そこの二人、何故俺との面談を望んだ? 理由を率直に述べろ」

「……サザンクロスのKINGよ、私は元斗皇拳のバトロ。こちらはオグルという。

貴方に聞きたいのは主に三点。まず、六年前の我が元斗の村への襲撃……あれはどのような意図があって行われたものなのだ? どう考えても不可解な点が多すぎる」

 

 このバトロという男は確か、ルイとアスラの養育係だった男だったな。

 理知的な光を宿す眼が、偽りを許さぬというように俺を射抜いている。

 

「こんな世の中なのだから領土拡大の為に進出するのは理解出来る。しかし当時、サザンクロスと我が村は遠く離れ、地理的にも価値などなかったはずだ。加えて我が村は拳王領の中にあった。事実、貴方は結局村を占拠するわけでもなく幾人かの移住希望の村人を連れて撤退したと聞く。
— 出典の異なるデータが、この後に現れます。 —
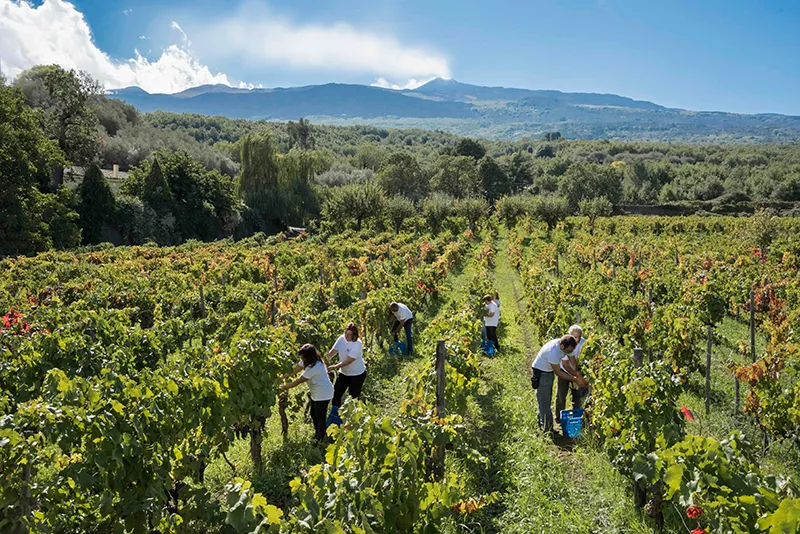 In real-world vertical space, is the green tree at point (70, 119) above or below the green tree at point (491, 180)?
above

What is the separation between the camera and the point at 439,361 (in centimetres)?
560

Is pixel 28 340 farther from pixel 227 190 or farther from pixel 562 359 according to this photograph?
pixel 227 190

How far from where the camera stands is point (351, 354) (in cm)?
686

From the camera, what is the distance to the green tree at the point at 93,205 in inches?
1303

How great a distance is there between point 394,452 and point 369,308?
6.63m

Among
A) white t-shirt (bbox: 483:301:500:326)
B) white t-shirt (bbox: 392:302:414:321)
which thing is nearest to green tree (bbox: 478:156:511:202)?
white t-shirt (bbox: 483:301:500:326)

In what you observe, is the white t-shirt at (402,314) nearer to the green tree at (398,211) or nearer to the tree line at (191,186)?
the tree line at (191,186)

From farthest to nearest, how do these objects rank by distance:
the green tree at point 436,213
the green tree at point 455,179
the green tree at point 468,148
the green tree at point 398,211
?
the green tree at point 468,148 < the green tree at point 455,179 < the green tree at point 398,211 < the green tree at point 436,213

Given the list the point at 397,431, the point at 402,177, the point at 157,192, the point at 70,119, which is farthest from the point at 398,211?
the point at 397,431

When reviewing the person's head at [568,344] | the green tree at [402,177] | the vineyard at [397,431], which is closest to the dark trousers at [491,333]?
the vineyard at [397,431]

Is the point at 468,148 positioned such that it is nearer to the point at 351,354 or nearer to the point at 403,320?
the point at 403,320

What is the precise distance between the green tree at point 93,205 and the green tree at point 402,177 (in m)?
32.5

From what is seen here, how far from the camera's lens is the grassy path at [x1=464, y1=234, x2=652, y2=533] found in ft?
16.0

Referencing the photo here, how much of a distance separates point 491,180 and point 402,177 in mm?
12237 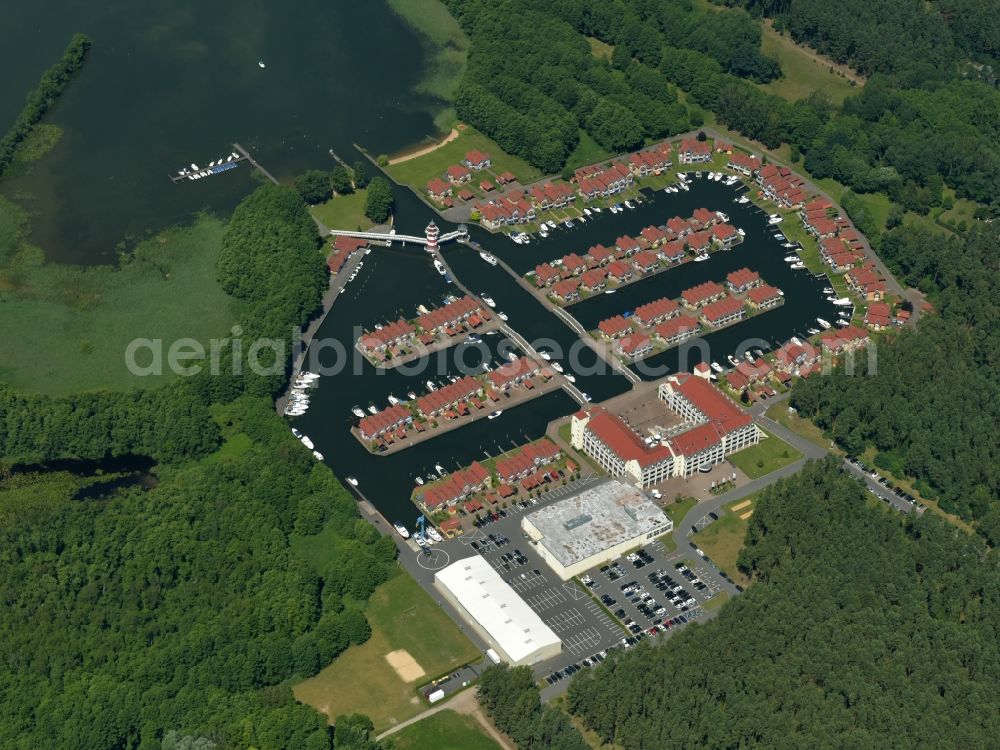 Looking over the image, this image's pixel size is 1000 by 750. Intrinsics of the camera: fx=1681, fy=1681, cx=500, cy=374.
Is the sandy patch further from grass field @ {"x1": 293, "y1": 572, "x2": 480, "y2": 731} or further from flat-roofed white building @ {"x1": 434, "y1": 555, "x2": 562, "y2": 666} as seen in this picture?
flat-roofed white building @ {"x1": 434, "y1": 555, "x2": 562, "y2": 666}

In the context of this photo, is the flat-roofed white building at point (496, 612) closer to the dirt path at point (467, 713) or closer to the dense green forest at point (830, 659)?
the dirt path at point (467, 713)

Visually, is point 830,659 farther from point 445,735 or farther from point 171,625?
point 171,625

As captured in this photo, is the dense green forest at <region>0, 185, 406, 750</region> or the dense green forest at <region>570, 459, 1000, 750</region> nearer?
the dense green forest at <region>570, 459, 1000, 750</region>

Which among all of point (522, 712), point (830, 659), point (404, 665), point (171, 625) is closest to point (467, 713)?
point (522, 712)

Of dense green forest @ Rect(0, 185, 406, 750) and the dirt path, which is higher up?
the dirt path

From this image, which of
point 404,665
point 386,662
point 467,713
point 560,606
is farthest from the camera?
point 560,606

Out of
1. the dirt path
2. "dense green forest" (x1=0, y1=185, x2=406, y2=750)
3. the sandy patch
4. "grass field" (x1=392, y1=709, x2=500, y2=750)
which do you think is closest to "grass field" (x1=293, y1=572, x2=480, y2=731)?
the sandy patch

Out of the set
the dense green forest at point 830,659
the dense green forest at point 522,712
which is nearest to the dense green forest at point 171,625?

……拳王に不在中のサザンクロスを攻められる危険を冒してまで、何故我が村を? 一体何の為に」

「無論、俺の欲望の妨げとなる天帝を排除する為だ。当時ラオウはケンシロウとの痛み分けによって行方を晦まし、拳王軍は統制を失っていた。俺はその好機を突いて村に攻め込んだに過ぎん」

「目的は果たせたか?」

「それは村に残った連中に聞けば分かる事」

「聞いたさ。天帝はジャコウの手によって既にお亡くなりになっており、貴方はジャコウを討った後にビジャマを勧誘して撤退したと。だが私達はそうではないと思っている」

「ほう」

 

 俺は薄ら笑いを浮かべたまま、内心でバトロという男への評価を上方へ修正する。

 そうだな、確かに俺のやった事は冷静に考えれば無駄だらけで意味の分からないものだろう。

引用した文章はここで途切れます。